A close associate, housemate, business partner, and confidant of Shanley's for decades, White was a potential witness in both the criminal and civil cases involving the priest, who is alleged to be one of the most egregious abusers in the scandal involving Boston clergy, said Roderick MacLeish Jr. MacLeish is a lawyer for the Boston firm Greenberg Traurig, which represented hundreds of alleged clergy sexual abuse victims in claims against the Archdiocese of Boston.
Because he was so close to Shanley, who is free on bail awaiting trial on multiple counts of child rape in Middlesex County and whose alleged abuse is the subject of several civil cases expected to go to trial this year, White may have been the most tantalizing potential witness against the priest, MacLeish said.
After White relocated to Thailand from Billerica two years ago, the chance of forcing him to testify became extremely remote, MacLeish said.

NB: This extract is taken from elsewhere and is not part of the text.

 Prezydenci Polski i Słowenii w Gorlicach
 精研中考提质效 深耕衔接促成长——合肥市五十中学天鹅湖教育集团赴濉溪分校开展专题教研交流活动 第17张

Even if he could have been forced back to the United States to be a witness, MacLeish said, lawyers in the case thought it likely that White would refuse to testify and claim his right against self-incrimination.
That possibility became almost a certainty last September, when the first alleged victim to accuse White of sexual abuse stepped forward, MacLeish said.
"We always agreed that he had critical information, but the likelihood that he would testify was remote because he was going to take the Fifth Amendment," MacLeish said.
MacLeish declined to identify the client who has accused White, except to say that it is a man who alleges that both Shanley and White raped him during the 1970s when he was a boy.
The 72-year-old White, who had retired from the priesthood, died in Bangkok some time last week, said the Rev. Christopher Coyne, a spokesman for the archdiocese. Church records and published reports suggest that White and Shanley had a long association, going back to the 1960s when they served together at St. Patrick's Parish in Stoneham and then in the 1970s when both were street ministers at Warwick House in Boston's Roxbury neighborhood.